Human fibroblasts (immortalized via overexpression of the Human Telomerase Reverse Transcriptase gene (hTERT)) were originally from BD Biosciences.

Human epithelial HeLa cells (ATCC CCL-2™)

Tissue culture supplies

GECI plasmids:

GCaMP6f (Addgene 40755), GCaMP6m (Addgene 40754), GCaMP6s (Addgene 40753), R-GECO (Addgene 32462), B-GECO (Addgene 32448), jRGECO1a (Addgene 61563), jRCaMP1a (Addgene 61562), jRCaMP1b (Addgene 63136), ER-LAR-GECO1 (Addgene 32444), mito-LAR-GECO1.2 (Addgene 32461)

Toxoplasma plasmids:

pCTH3 [16], pDT7S4H3 (a gift from Boris Striepen) [17], pTH3 (modified variant of pCTH3 in which the chloramphenicol cassette has been removed), [14], and pTUBSAG1-IEα_Dsred_DHFR_sag1CATsag1 [14, 18] and for UPRT locus: pUPRT::DHFR-GCaMP6(f/s) [19, 20].

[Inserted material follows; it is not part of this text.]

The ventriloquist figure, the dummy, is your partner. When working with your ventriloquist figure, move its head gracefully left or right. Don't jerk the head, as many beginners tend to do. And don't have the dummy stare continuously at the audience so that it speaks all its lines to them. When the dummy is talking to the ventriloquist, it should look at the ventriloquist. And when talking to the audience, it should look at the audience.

Extracellular (Ringer) buffer:

155 mM NaCl, 3 mM KCl, 2 mM CaCl₂, 1 mM MgCl₂, 3 mM NaH₂PO₄, 10 mM Hepes, pH 7.3, and 10 mM glucose

Intracellular buffer:

140 mM potassium gluconate, 10 mM NaCl, 2.7 mM MgSO₄, 2 mM ATP (sodium salt), 1 mM glucose, 200 μM EGTA, 65 μM CaCl₂ (90 nM free Ca²⁺), and 10 mM Tris/Hepes, pH 7.3.

Buffer A plus glucose:

116 mM NaCl, 5.4 mM KCl, 0.8 mM MgSO₄, 5.5 mM D -glucose, and 50 mM Hepes, pH 7.2

PolyJet (SignaGen Laboratories, SL100688)

Fura2-AM (ThermoFisher F1221)

Ionomycin (Santa Cruz Biotechnology sc-3592)

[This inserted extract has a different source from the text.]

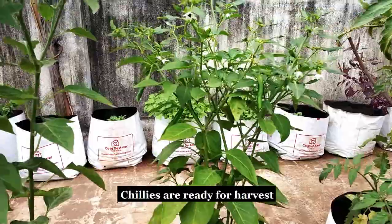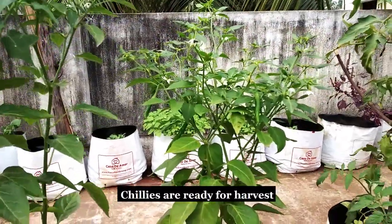The plants will continue flowering, and the chillies will be available for harvest for the next 3 months.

Thapsigargin (Abcam ab120286)

Saponin (Sigma S-7900–25g)

Zaprinast (Sigma 684500–25MG)

35 mm glass bottom cover dishes (MatTek Corp P35G-1.5–20-C)

Tissue Culture Cloning Cylinders (Bel-Art 978470100)

3. Methods

3.1. Plasmid construction

It is ideal and possible to generate T. gondii tachyzoites stably expressing GECIs. This can be done by stable integration of GECI genes into the genome of T. gondii. This has been achieved either through nonhomologous, random integration into the genome [14] or by integration of the GECI genes into a locus of the genome like the UPRT (uracil phosphoribosyltransferase) locus, which is not essential for parasite survival in vitro [20]. GECI genes that are introduced at the genomic locus of the UPRT gene are expressed uniformly because they are under the control of the same cis-element across different clones (Note 1). Plasmids for nonhomologous/random integration include pCTH3, pTH3 and pDT7S4H3, while plasmids for integration into the UPRT locus using homologous recombination include pUPRT::DHFR-GCaMP6(f/s) [19, 20].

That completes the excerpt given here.